A oficina. Precossi, um outro companheiro, é filho de um ferreiro que o seu filho conseguiu redimir de uma vida errada, graças à sua medalha. O rapaz «estudava as lições» sobre uma «pilha de tijolos, com o livro em cima dos joelhos». O pai, por seu lado, trabalhava: «Alçou de um grande martelo e começou a bater numa barra de ferro, empurrando a parte ao rubro ora para um lado, ora para outro, entre uma ponta da bigorna e o meio». E, entretanto, «o seu filho observava-nos, com um certo ar ufano, como quem diz: “Vejam como o meu pai trabalha!”».

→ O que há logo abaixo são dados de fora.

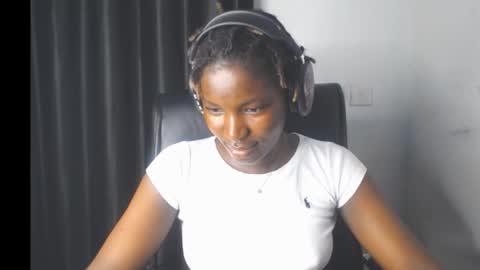 Snapshot of sexy_juicypussy0 chatting on September 13, 10:56 pm Jasmine online show from September 13, 10:56 pm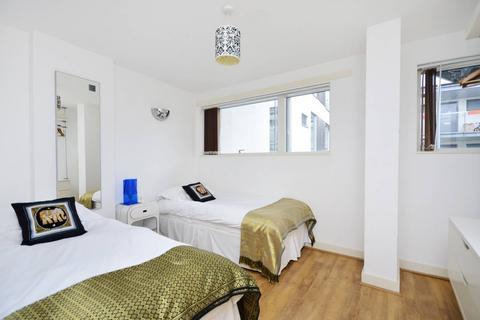 3 bedroom flat to rent, Klein Wharf, Islington, London, N1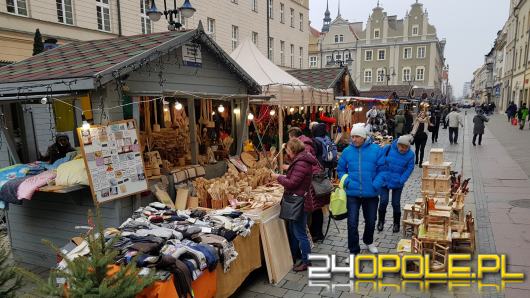 Trwa Jarmark Bożonarodzeniowy na Rynku w Opolu 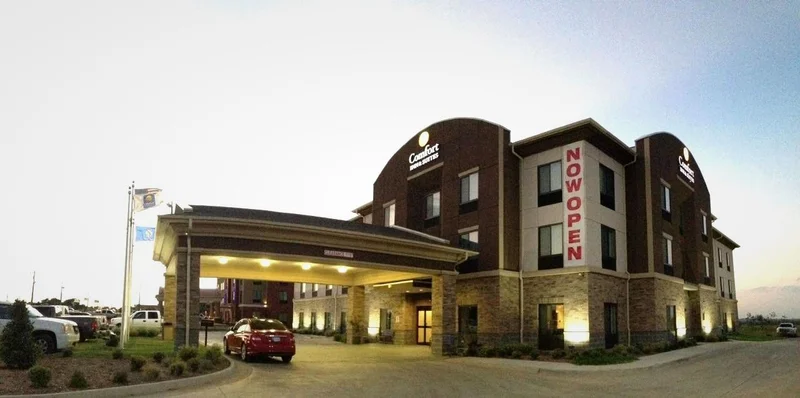 Comfort Inn & Suites - External View image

O orgulho pelo trabalho dos pais é como o bom pão das crianças e dos jovens. A estima pelo mundo e pelos adultos começa estimando o nosso pai enquanto trabalha – é importante que os pais trabalhem, também para a estima dos nossos jovens: os filhos sabem também que os pais e as mães são bons e valentes mesmo que não trabalhem, mas é missão de uma boa sociedade colocar cada pessoa em condições de poder trabalhar, também para que os filhos possam dizer com ar ufano: “Vejam como o meu pai trabalha!”. E os filhos e as filhas orgulham-se de todo o tipo de trabalho dos pais. Mesmo aqui não distinguem entre os trabalhos que a sociedade considera prestigiosos dos mais humildes, porque é a beleza dos seus pais a tornar bonitos os trabalhos que fazem – para as crianças, os pais são a coisa mais bonita do mundo. Eis porque talvez não haja dor maior do que a que uma criança sente quando ouve humilhar o trabalho dos seus pais. É uma profanação no coração. A meritocracia é também uma fábrica de humilhação de muitos trabalhadores e dos seus filhos.

Quando crescidos, e no momento oportuno, as crianças compreenderão que nem todos os trabalhos são iguais, nem todos são dignos, nem todos são pagos de forma justa. Mas, como crianças, devem poder apenas dizer: “Vejam como o meu pai trabalha!”.